25

Assuming that I have binary file with code for an unknown CPU, can I somehow detect the CPU architecture? I know that it depends mostly on the compiler, but I think that for most CPU architectures it should be a lot of CALL/RETN/JMP/PUSH/POP opcodes (statistically more than others). Or maybe should I search for some patterns in code specific for a particular CPU (instead of opcode occurrences)?

tripleee
  • 119
  • 6
n3vermind
  • 385
  • 3
  • 10
  • 1
    If you have a binary file but don't know for which CPU, how can you see opcodes?
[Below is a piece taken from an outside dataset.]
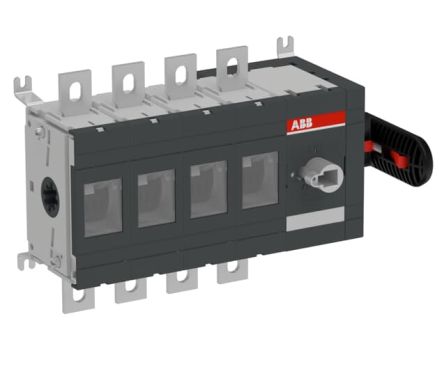 ABB 4-Pole Surface Mount Switch Disconnector -, IP00, 0A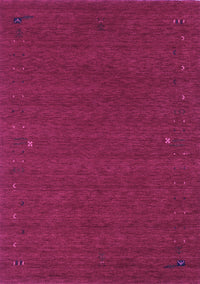 Abstract Purple Contemporary Rug, con160pur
If you know how to translate from binary to opcode, then you already know which CPU you have. (Or at least which family -- e.g. Z80, Intel, ARM, Motorola MC-680XX.) – Jongware Oct 08 '13 at 12:48
  • Read the magic, then the file format. – Stolas Oct 08 '13 at 13:03
  • 1
  • (Stolas) In embed often you don't have a magic or the magic is something they invented.
  • (Jongware) You can see opcodes (common patterns of bytes) without actually knowing what are them pretty much the same way you can determine if a file is compressed or encrypted without being able to decrypt or decompress it.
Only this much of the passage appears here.